The Buddhist masterpieces are those at Sanchi, in the State of Bhopal, and at Ellora and Ajanta in Hyderabad. At Sanchi there are 32 stupas of all sizes in the immediate area. The Great Stupa with its platform and surrounding buildings is a work from which it is fair to say that all other stupas, dagobas and pagodas in Asia seem to derive. It took about 600 years to construct in its present shape. The Emperor Asoka, the Mauryan monarch who became a Buddhist and took nearly all India with him into that faith, built the first structure in the third century B.C. It was, according to reliable indications, about half the size of the present dome. A stupa--which can be of any size--is a sort of funeral tumulus or mound built to protect relics of the Buddha himself or his saints or disciples. It is in fact a heap of rubble, sometimes enclosed in brick or stone, with the precious relics deposited somewhere near the center or top. Very early in Buddhism the structure of a stupa became conventionalized: it had to have an umbrella (the sign of royalty) at the summit, and it had to have at least two railings around the bottom and top to permit of circumambulation. In addition, it had four gateways, north, south, east and west, in which the skill of the artist's hand was given full liberty on all the subjects associated with Buddhist legend.

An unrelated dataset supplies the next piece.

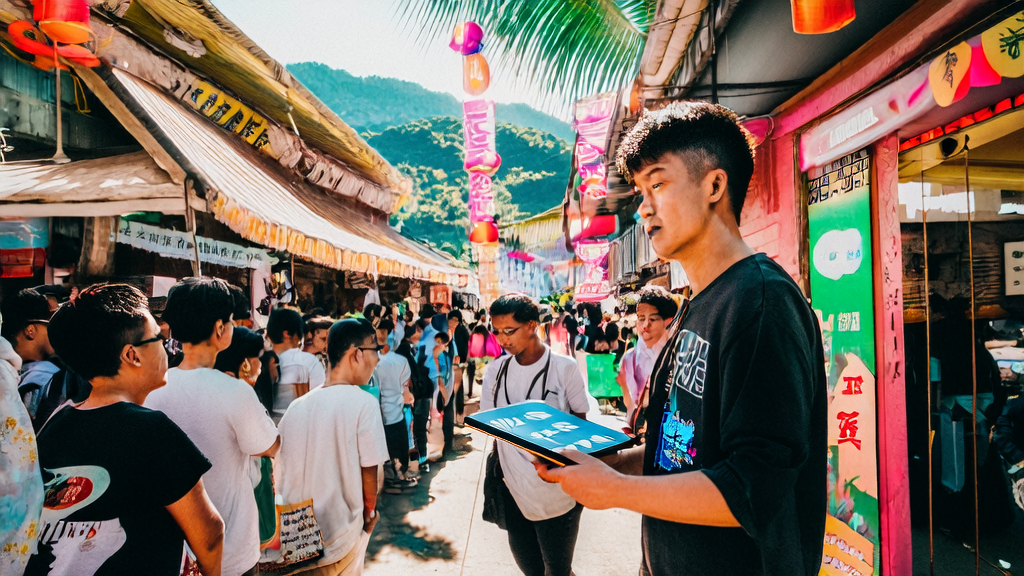 Entrepreneur exploring new business opportunities with AI translation model in Southeast Asia market street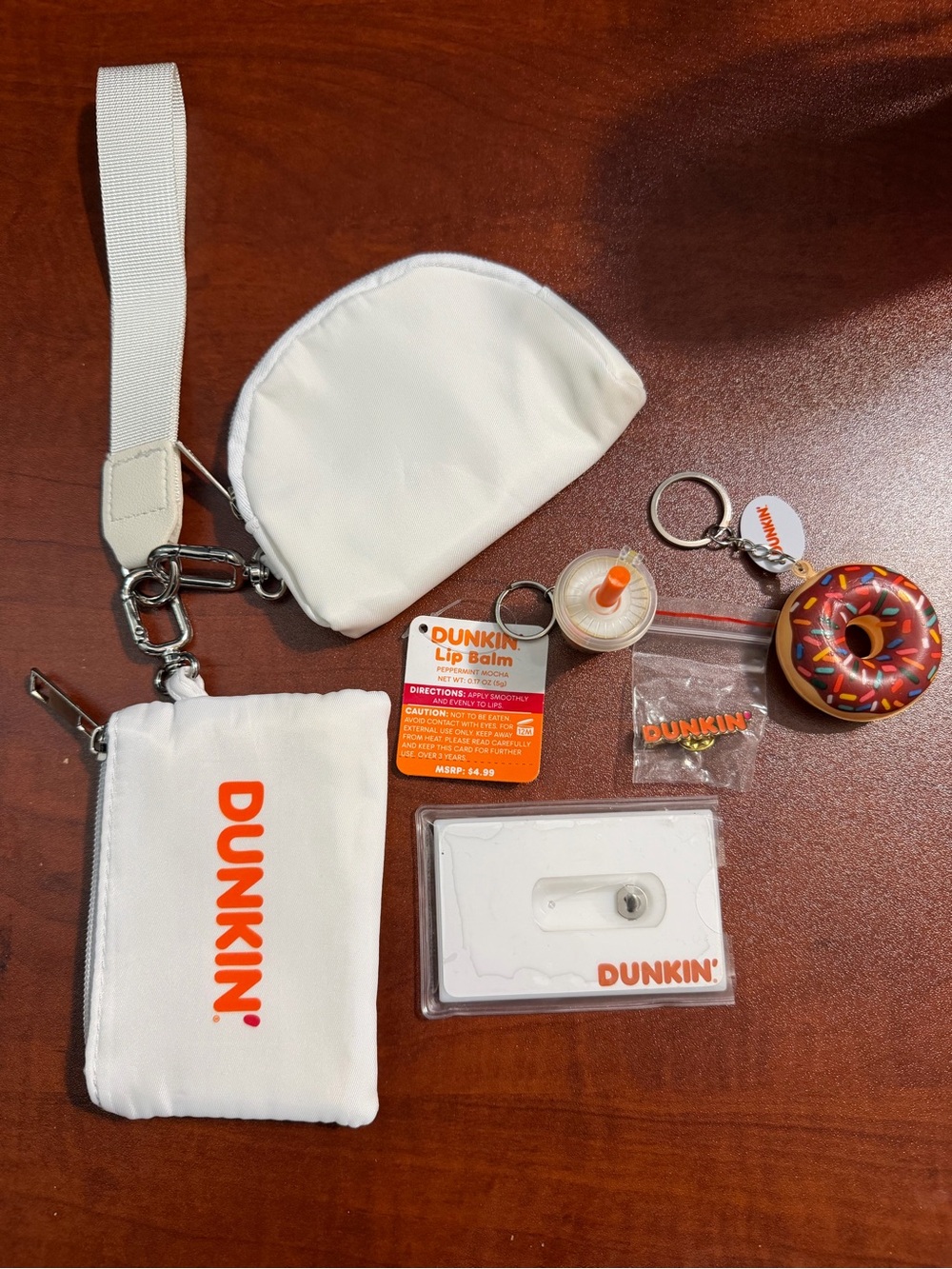 NWT Dunkin' Donuts Merch Set & Keychain Pouch Bundle – Floss, Lip Balm, Keychain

This simple structure is seen in its original purity at Sanchi. The great dome is almost a hemisphere; its railings are massive and simple; its four gateways are among the most remarkable ancient monuments to be seen anywhere. When one has seen Sanchi one begins to understand how the stupa (or "tope" as the British called it in the nineteenth century) developed into all the various dagoba and pagoda forms which are seen throughout the Buddhist world. Even in Japan, which is so far away and received Buddhism so much later, the gateways of Sanchi can be detected, as they can also be in Ceylon, Siam, China and Indo-China. This is, therefore, a sort of normative or prototypical monument foreshadowing many centuries of Buddhist development.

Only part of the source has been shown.